Don Carlos au Grand Théâtre de Genève : quand les voix subjuguent

Xl__20230911_don-carlos-gtg_c_dougados-magali-9171 © Magali Dougados

Depuis son arrivée à la direction du Grand Théâtre de Genève, Aviel Cahn a toujours su lancer ses saisons en fanfare. Après Einstein on the Beach de Philip Glass (2019), Guerre et Paix de Prokofiev (2021), et La Juive d’Halévy (2022), nouveau chapitre de répertoire flamboyant grâce à la première version en cinq actes de Don Carlos de Verdi, qui mérite tous les éloges pour sa production et sa distribution.

Avec l’Exposition universelle de 1867, le compositeur espérait l’adoubement dans la capitale française, après les échecs de Jérusalem, des Vêpres siciliennes et de son Macbeth retouché. Malgré des efforts répétés pour étoffer le livret, de longues coupes lui ont été demandées à quelques jours de la première afin que les spectateurs soient en mesure de prendre le train après le spectacle… En voulant surpasser Meyerbeer, Verdi s’est attelé à une œuvre foisonnante dont la musique a déstabilisé (voire dégoûté) un public qui ne voyait dans la nouveauté qu’une identité wagnérienne, alors bête noire des conservateurs français – chez qui les raccourcis sont parfois légion. La version italienne de 1884, en quatre actes, s’est finalement taillée la part du lion dans les programmations internationales. Continuons à défendre la complétude et la cohérence de la partition originelle !

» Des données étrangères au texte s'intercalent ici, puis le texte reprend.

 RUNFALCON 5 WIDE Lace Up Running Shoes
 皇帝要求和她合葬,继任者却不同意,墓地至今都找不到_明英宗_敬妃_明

Don Carlos, Grand Théâtre de Genève (2023) (c) Magali Dougados

La metteuse en scène Lydia Steier (qui a traumatisé quelques âmes sensibles avec sa lecture plutôt trash mais extrêmement intelligente de Salomé, à Paris) place l‘intrigue dans une dictature de droit divin inspirée des républiques soviétiques – la religion en plus – et gangrénée par la surveillance de masse. Un décor tournant à l’architecture néo-antique laisse suffisamment de place aux chanteurs pour se mouvoir d’un espace à l’autre, tandis que dans les recoins, des hommes munis de casques retranscrivent en direct les conversations entendues secrètement de l’autre côté du mur… Au moment de retourner prier dans un costume de moine, la capuche est bien pratique pour cacher l’appareil auditif sur la tête ! Les mots chantés ne constituent pas toujours des pièces à conviction, mais la mise en garde amicale de Philippe contre Posa, en zone hors-écoute, est d’autant plus éloquente. Lydia Steier construit davantage un univers général et des interactions humaines que des personnages individuels, ces derniers évoluant dans une atmosphère qu’elle précise avec une direction d’acteurs exigeante. La dernière danse d’Élisabeth et de Don Carlos, la mort de Posa par le tir d’un gardien de cellule, la violence des confrontations entre Philippe II et le Grand Inquisiteur, le bal de l’acte III (virtuose dans son utilisation de la rotation du plateau), le bébé d’Élisabeth : la continuité de l’action et la profondeur du théâtre sont à saluer, car tout fonctionne !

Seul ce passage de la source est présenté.